> **Work to be completed**
The result should be an exact copy of only the lines from the one holding "holiday chiffon ruffled" through the last line of the data below, please, without pictures.

Segment Start: Data segment

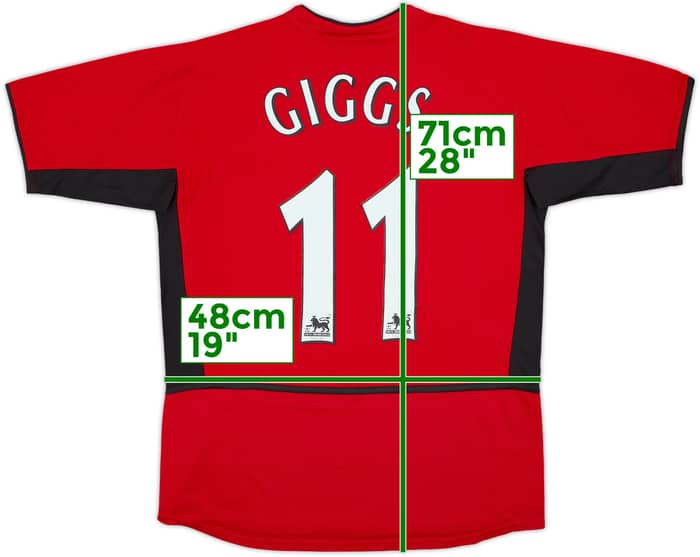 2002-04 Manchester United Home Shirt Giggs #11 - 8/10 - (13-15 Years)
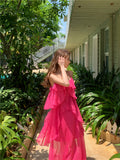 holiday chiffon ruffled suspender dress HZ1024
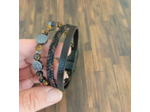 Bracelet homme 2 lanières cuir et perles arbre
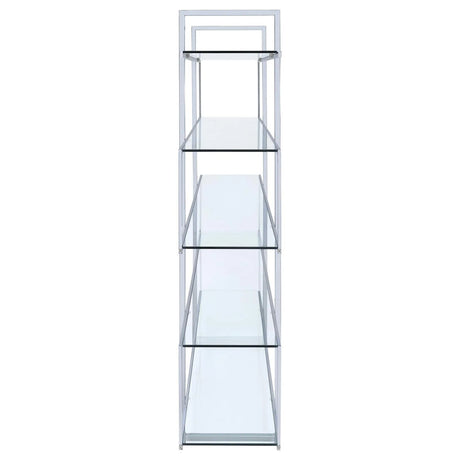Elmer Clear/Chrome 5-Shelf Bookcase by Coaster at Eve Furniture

Segment End: Data segment

> **Written solution**
 holiday chiffon ruffled suspender dress HZ1024
 Bracelet homme 2 lanières cuir et perles arbre
Elmer Clear/Chrome 5-Shelf Bookcase by Coaster at Eve Furniture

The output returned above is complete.